The primary data source of this study is the discount brokerage database of Barber and Odean (2000), which contains a local trading database and a local portfolio database with data from 1991 to 1996. For my analysis, I use the local trading database, which contains the trades of almost 78,000 retail investors as well as their geographic and demographic information. I remove all accounts that do not have a valid zip code, which is needed to identify the investor locations. I aggregate the local trading database to the county-date level to calculate the local trading volume, which I use as the dependent variable. I include all counties that have shown any trading in firm j over the sample period as observations at time t in my sample. Hence county-date observations can have zero local trading volume.

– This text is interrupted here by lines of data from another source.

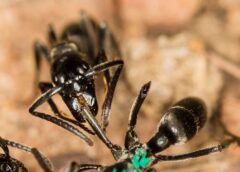 Ant-ibiotics: How Ants Treat Infections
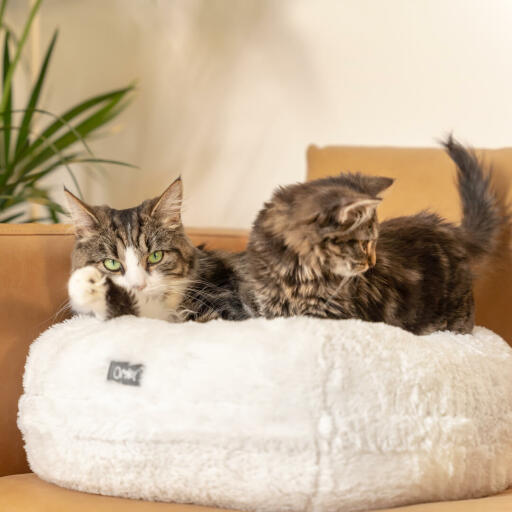 Kattsängen Maya Donut kan också användas som en kudde på soffan så att din katt kan sova bekvämt bredvid dig.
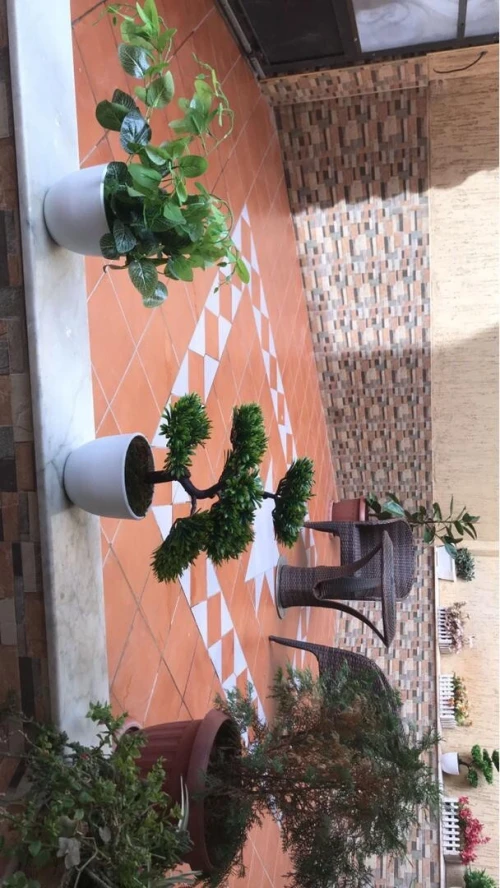 Vente Villa Alger El achour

I use the patent database of Kogan et al. (2017), which includes all patents filed with the USPTO from 1926 to 2010. I remove all observations that do not have information on the patents’ technology class, citations, or economic value. The patent database has to be aggregated to the firm-date level, since a firm can receive several patents on the same date, which I refer to as the release of a patent.Footnote 3

I merge the local-trading and patent databases with data from Compustat and Center for Research in Security Prices (CRSP). I supplement this data with the PTDL opening dates and locations from 1870 to 1996. The opening dates and locations are collected from Oliver (2002).Footnote 4 Table 2 shows the opening dates and locations of the PTDL in my sample.

I further supplement this data with population data from the Census State and County Intercensal database and snowfall data from the National Climatic Data Center GHCN-D database. The GHCN-D database contains weather data, including high and low temperatures, inches of snowfall, and precipitation. I calculate the average snowfall for all weather stations that are within a 10-mile radius of the counties in my sample. I add the number analyst earnings forecasts from the IBES summary database, the institutional ownership from the WRDS Thomson Reuters Institutional Holdings database, and M&A news from the Capital IQ Key Developments database.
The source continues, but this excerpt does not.